Ogden Business 02

A Front Runner train approaches the downtown Ogden Station on Thursday, March 19, 2020.

OGDEN — While the Utah Transit Authority continues with a long-term plan to move its FrontRunner commuter rail north of Ogden, the agency is also working on a significant upgrade to the existing system in the near future.

In an effort being called “FrontRunner Forward,” the transit agency is looking at a host of “strategic investments” in the service over the next five years. UTA Executive Director Carolyn Gonot said details of those investments are still being scrutinized, but the overarching goal of the plan is to increase service capacity and reliability on the existing FrontRunner system. Fulfilling that vision includes several actions — from enhancing safety at grade crossings to providing more options to connect people with jobs and supporting real estate and economic development.

Manjeet Ranu, director of capital projects at UTA, said much of the process is being driven by growth. Ranu said the population in UTA’s Northern Utah service area is expected to double by 2065.

Perhaps the most significant part of the plan involves “double-tracking” sections of the current commuter rail line. The vast majority of the FrontRunner system, which stretches 90 miles from Ogden to Provo, runs on a single track shared by trains running both north and south. The configuration makes it so trains can only pass each other at stations and a few other expanded sections of track along the line. The setup can touch off a domino effect of delays when even one train gets off schedule.

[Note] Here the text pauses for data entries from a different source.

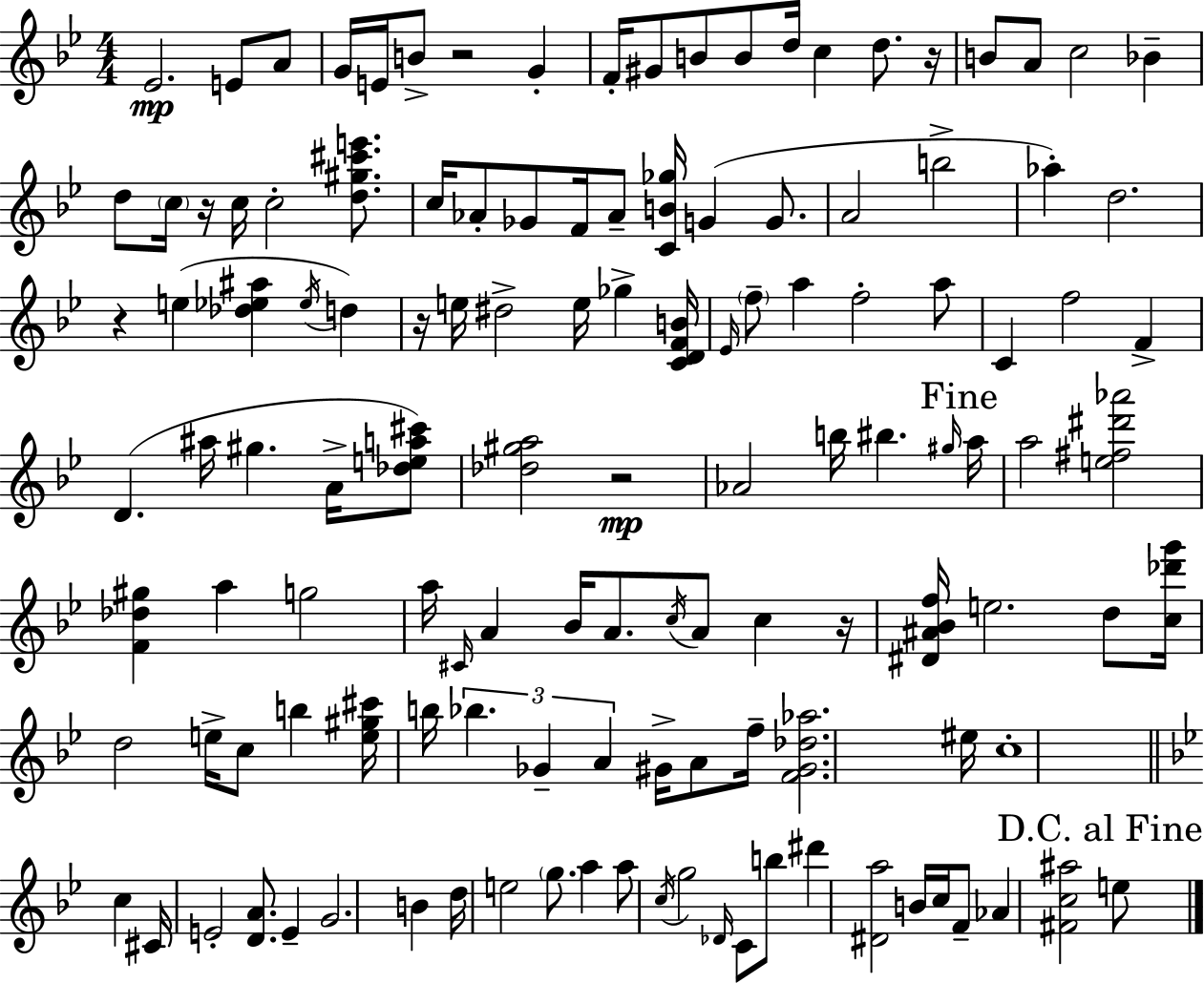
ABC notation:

X:1
T:Untitled
M:4/4
L:1/4
K:Gm
_E2 E/2 A/2 G/4 E/4 B/2 z2 G F/4 ^G/2 B/2 B/2 d/4 c d/2 z/4 B/2 A/2 c2 _B d/2 c/4 z/4 c/4 c2 [d^g^c'e']/2 c/4 _A/2 _G/2 F/4 _A/2 [CB_g]/4 G G/2 A2 b2 _a d2 z e [_d_e^a] _e/4 d z/4 e/4 ^d2 e/4 _g [CDFB]/4 _E/4 f/2 a f2 a/2 C f2 F D ^a/4 ^g A/4 [_dea^c']/2 [_d^ga]2 z2 _A2 b/4 ^b ^g/4 a/4 a2 [e^f^d'_a']2 [F_d^g] a g2 a/4 ^C/4 A _B/4 A/2 c/4 A/2 c z/4 [^D^A_Bf]/4 e2 d/2 [c_d'g']/4 d2 e/4 c/2 b [e^g^c']/4 b/4 _b _G A ^G/4 A/2 f/4 [F^G_d_a]2 ^e/4 c4 c ^C/4 E2 [DA]/2 E G2 B d/4 e2 g/2 a a/2 c/4 g2 _D/4 C/2 b/2 ^d' [^Da]2 B/4 c/4 F/2 _A [^Fc^a]2 e/2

Ranu said double tracking at strategic locations would increase peak hour service frequency to every 15 minutes at key stations like Ogden and Clearfield. Right now, at best, the train stops at those stations only every 30 minutes during peak evening and morning commute times. Double tracking would also allow UTA to run trains faster and put more of them on the track at the same time. Ranu said maximum running train capacity would grow from eight to 14 cars.

Right now, the idea is estimated to cost about $350 million, Ranu said, though that could change as UTA continues to fine tune the plan. That cost breakdown includes about $10 million for station improvements, $115 million for additional vehicles and $225 million for the actual tracking.

Gonot said the immediate plan for the project is to work to secure funding.

“We’re excited we’re able to start moving things along,” she said. “We’ll be continuing to push for it at the state level for state funding.”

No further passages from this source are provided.